Die beiden glücklichen Menschen waren so völlig in ein gegenseitiges Anschauen versunken, daß es wohl eines sehr starken Geräusches bedurft hätte, um sie aus dieser Versunkenheit aufzuschrecken. Es gelangte nicht zu ihrer Wahrnehmung, daß Frau Meiling, der es durch einen glücklichen Zufall ganz entgangen war, daß Martha ihr Haus betreten hatte, ahnungslos die Treppe heraufgekommen war und die Thüre leise geöffnet hatte. Der Anblick, der sich ihr bot, war wohl geeignet, sie an eine Vision glauben zu machen; Martha sah, Wolfgangs Linke unter ihrem Kinn, mit leuchtenden Augen zu ihm empor, und seine Rechte strich sanft von ihrer Stirn über das reiche schwarze Haar, bis sie mit einer plötzlichen Bewegung das Gesicht an seiner Schulter barg. Das war wohl zuviel für die alte Frau, die den Atem angehalten hatte; sie schlich sich, die Thür leise wieder anlehnend, die Treppe hinab und sank in ihrer Küche auf einen Sessel; sie mußte sich den alten Kopf mit beiden Händen halten und lachte und weinte in einem Atem.

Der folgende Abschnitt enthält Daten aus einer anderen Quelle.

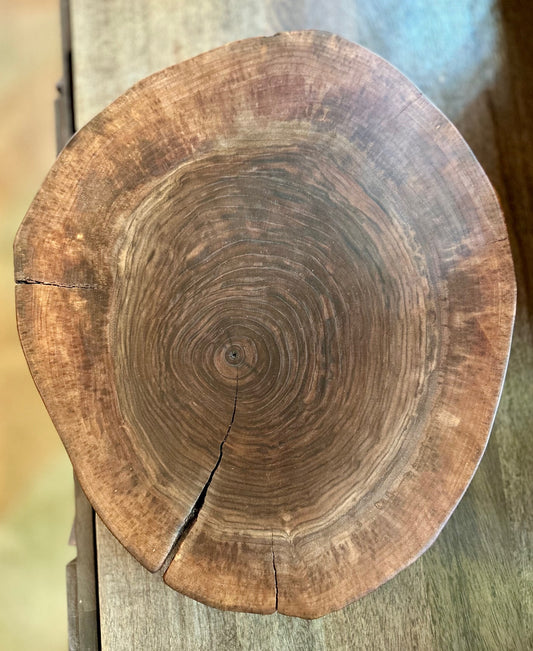 Live Edge Black Walnut Turntable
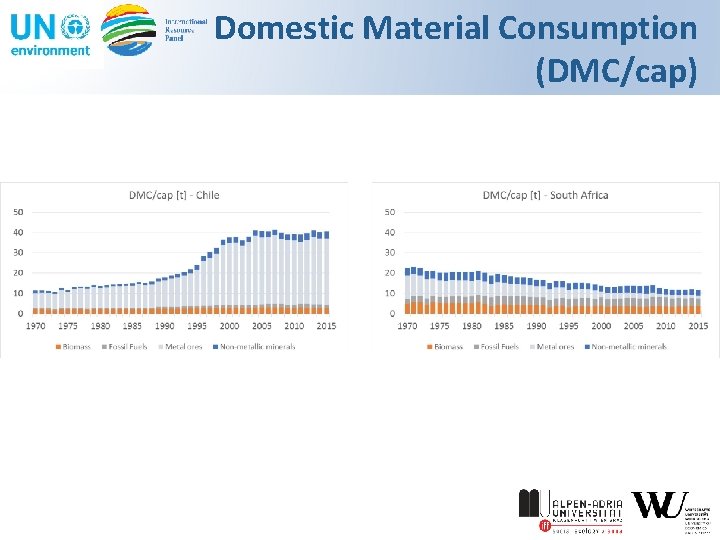 Domestic Material Consumption (DMC/cap) 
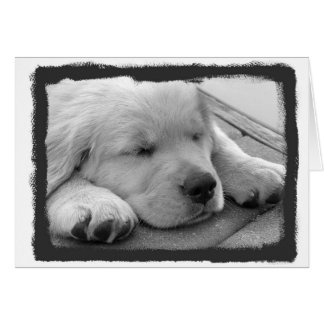 Sommeil d'or de chiot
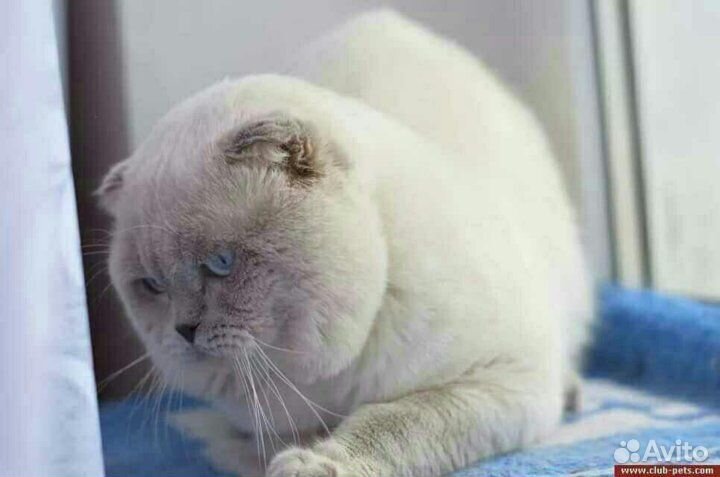Коты-вязка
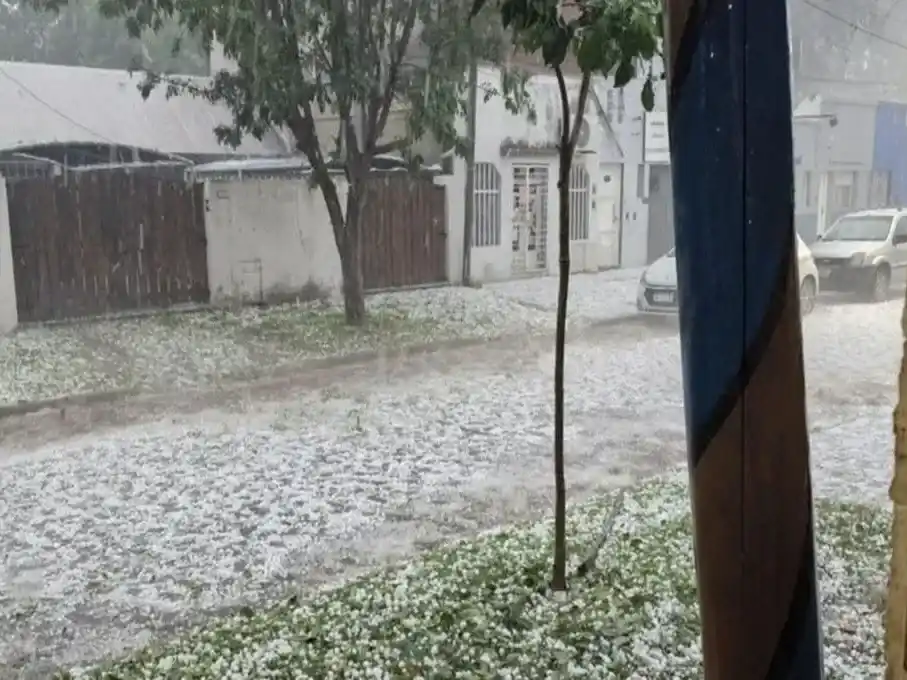La región se complicó por una pedrada extraordinaria que tiñó de blanco diferentes zonas suburbanas. Foto: Gentileza.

Als droben der erste Sturm des Glücks vorüber war, sagte Wolfgang fast übermütig:

„Nun laß uns aber mal vernünftig sein, Martha; wir müssen notwendig großen Kriegsrat halten, denn was soll nun werden? Ich möchte nichts beschließen, ohne den Rat meines klugen Mädchens gehört zu haben.“

„Weißt Du auch, Wolfgang, daß mir jetzt alles weitere über alle Beschreibung und alle Begriffe gleichgültig ist und daß ich lächelnd alles gutheißen werde, was Dir angemessen erscheint?“

„Wohl, Herz, aber so übers Knie wollen wir unsere Entschlüsse doch nicht brechen, und dann möchte ich doch auch wissen, ob Du gar keine Vermutung darüber hast, wer wohl den Herrn Kommerzienrat auf seinen sublimen Einfall gebracht hat. Ueberdies solltest Du Dich einmal auf diesen altehrwürdigen Divan setzen, auf dessen Lehne mein Kopf so oft gelegen hat, wenn ich mit geschlossenen Augen Verse ersann, die — an Dich gerichtet waren.“

Martha nickte ihm lächelnd zu und nahm in der Sofaecke Platz, Wolfgang rückte einen Stuhl so dicht als möglich daneben, hielt Marthas Hand zwischen seinen beiden Händen und nun kam es zu jenem wirren, aus lauter Sprüngen zusammengesetzten, mit so manchem glücklichen: „Weißt Du noch?“ durchflochtenen Geplauder, das für Dritte so unsterblich langweilig, für die beiden Beteiligten so namenlos süß ist.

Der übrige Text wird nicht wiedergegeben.